Organizatorzy marszu podkreślali, że chcą publicznie zamanifestować swoją radość z posiadania rodziny, spotkać osoby podzielające takie same wartości i tworzyć wspólnotę. Jak mówili, przyszli także po to, żeby upominać się o prawo do życia od poczęcia do naturalnej śmierci oraz przypomnieć, że rodzicie mają prawo do wychowania dzieci zgodnie ze swoimi przekonaniami.
Rodzinom zebranym na staromiejskim rynku dziękował i udzielił błogosławieństwa abp. Górzyński. W jego ocenie, jest to wydarzenie służące zamanifestowaniu wartości fundamentalnych, które zawsze były podkreślane w Kościele jako coś, bez czego trudno budować jakiekolwiek społeczeństwo. Dodał, że są to wartości, na których chcemy i mamy prawo budować nasze życie.

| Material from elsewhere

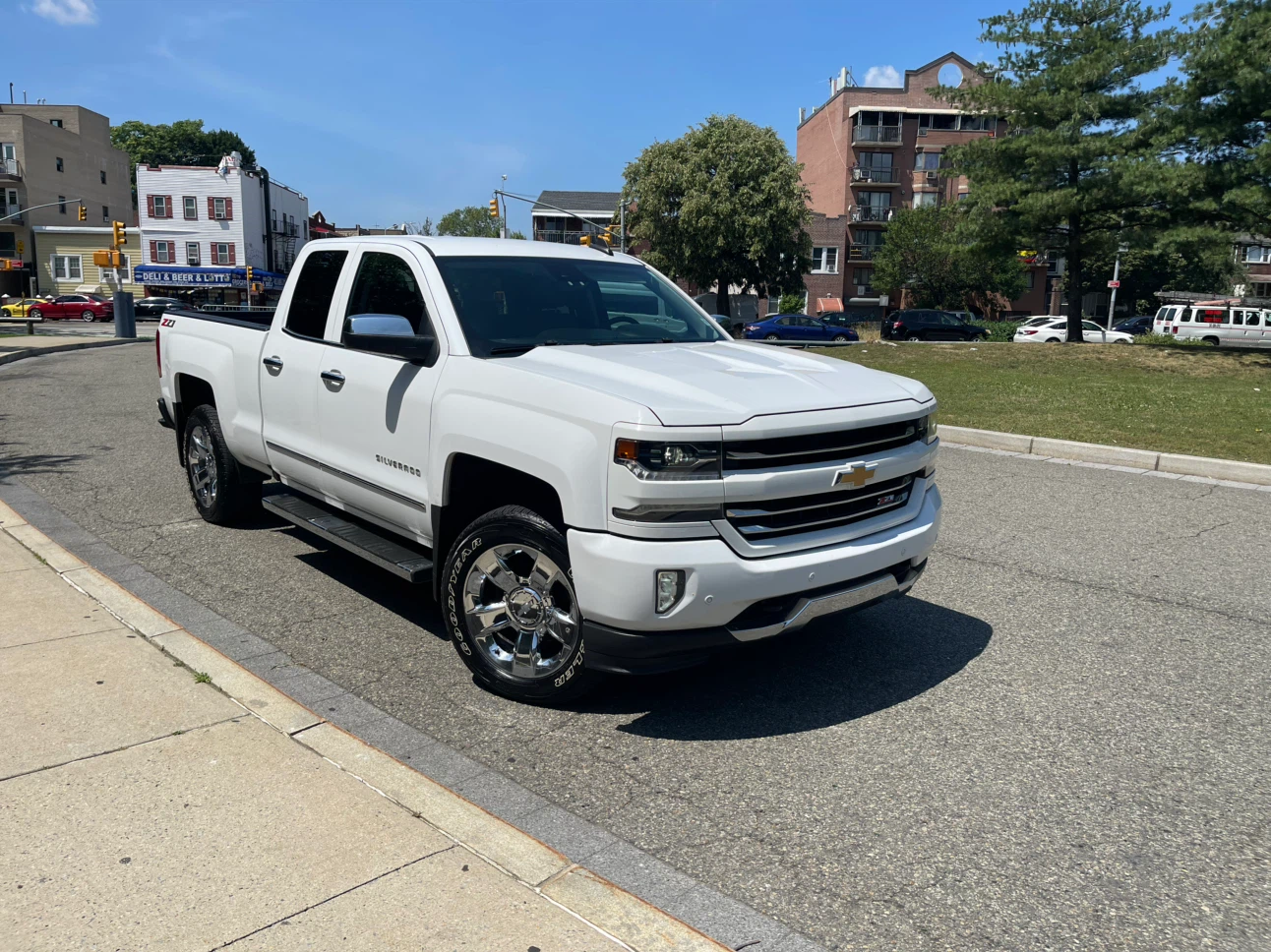 White Chevrolet Silverado Truck - photo 4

Metropolita warmiński mówił, że msza poprzedzająca marsz miała szczególny charakter, ze względu na bardzo liczny udział dzieci, które – jak zauważył – brały w niej czynny udział i bardzo wyraźnie zabierały głos. Jego zdaniem, mogłoby się wydawać, że takie głośne zachowanie dzieci w kościele może zakłócać mszę i denerwować duchownego, który jej przewodniczy.
„Ale pomyślałem sobie tak, że prawdziwy dramat i złość to powinna się pojawiać wtedy, kiedy ich nie ma. Kiedy właśnie staniemy w sytuacji takiej, kiedy nie będzie słychać głosu dzieci, choćby na takich podniosłych wydarzeniach jak celebracje liturgiczne” – powiedział arcybiskup.
Uczestniczący w marszu wojewoda warmińsko-mazurski Artur Chojecki mówił, że cieszy się z tego, iż może wspólnie z innymi uczestnikami zaświadczyć o wartościach, które są fundamentem społeczeństwa.
Według niego, we współczesnym świecie rodzina jest narażona na wiele pokus i niebezpieczeństw. Jak mówił, atakuje się podstawowe dla funkcjonowania rodziny instytucje, tj. dom, szkołę i Kościół, które kształtują młodego człowieka, jego umysł i duchowość oraz wskazują najważniejsze wartości.
„Dlatego my obecni tutaj na tym marszu, ale także ci wszyscy, którzy w wielu miastach naszego regionu manifestują na Marszach dla Życia i Rodziny, mamy zadanie dać świadectwo o tym, czym dla nas jest rodzina, co dla nas jest najważniejsze, jakie wartości konstytuują nasz światopogląd” – podkreślił wojewoda.
Po zakończeniu olsztyńskiego marszu uczestnicy bawili się na rodzinnym festynie w Gietrzwałdzie. Występy estradowe, konkursy i zabawy odbywały się na błoniach w pobliżu sanktuarium maryjnego w ramach „dnia dziecka u Matki Bożej Gietrzwałdzkiej”.
W Olsztynie Marsze dla Życia i Rodziny organizowane są od 2012 roku. Podobne marsze odbywają się w niedzielę w 130 miastach Polski. W tym roku są poświęcone problemowi edukacji seksualnej zagrażającej prawidłowemu rozwojowi dzieci i młodzieży oraz podważającej pierwszeństwo wychowawcze rodziców.